» **EXERCISE DATA**

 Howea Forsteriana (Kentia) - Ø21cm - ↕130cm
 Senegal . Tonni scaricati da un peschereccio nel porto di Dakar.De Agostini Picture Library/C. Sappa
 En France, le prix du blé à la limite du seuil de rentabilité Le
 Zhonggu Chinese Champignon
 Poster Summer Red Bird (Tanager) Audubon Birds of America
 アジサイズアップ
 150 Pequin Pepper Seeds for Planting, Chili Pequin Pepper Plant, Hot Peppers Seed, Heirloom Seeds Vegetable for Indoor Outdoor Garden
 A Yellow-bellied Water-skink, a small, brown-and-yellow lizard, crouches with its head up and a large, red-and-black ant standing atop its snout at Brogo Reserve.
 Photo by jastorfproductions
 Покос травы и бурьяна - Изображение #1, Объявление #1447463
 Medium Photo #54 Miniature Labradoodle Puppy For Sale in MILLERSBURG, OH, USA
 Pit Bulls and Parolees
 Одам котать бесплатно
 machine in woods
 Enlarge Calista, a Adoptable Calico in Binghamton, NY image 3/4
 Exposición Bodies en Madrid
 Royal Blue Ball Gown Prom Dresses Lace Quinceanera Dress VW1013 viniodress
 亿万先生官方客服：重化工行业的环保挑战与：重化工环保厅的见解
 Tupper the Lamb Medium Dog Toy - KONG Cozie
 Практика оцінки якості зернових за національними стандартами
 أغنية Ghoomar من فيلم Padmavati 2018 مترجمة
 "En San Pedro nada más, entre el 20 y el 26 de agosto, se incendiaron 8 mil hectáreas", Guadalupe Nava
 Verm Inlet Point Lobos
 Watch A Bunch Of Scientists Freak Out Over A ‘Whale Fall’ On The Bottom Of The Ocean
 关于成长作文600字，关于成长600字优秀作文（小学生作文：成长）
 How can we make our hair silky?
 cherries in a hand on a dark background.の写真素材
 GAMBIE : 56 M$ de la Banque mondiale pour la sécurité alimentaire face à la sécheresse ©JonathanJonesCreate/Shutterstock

» **TASK STATEMENT**
Pull every line containing "Photo" from the data.

» **SOLUTION FOR THIS PROBLEM**
 Photo by jastorfproductions
 Medium Photo #54 Miniature Labradoodle Puppy For Sale in MILLERSBURG, OH, USA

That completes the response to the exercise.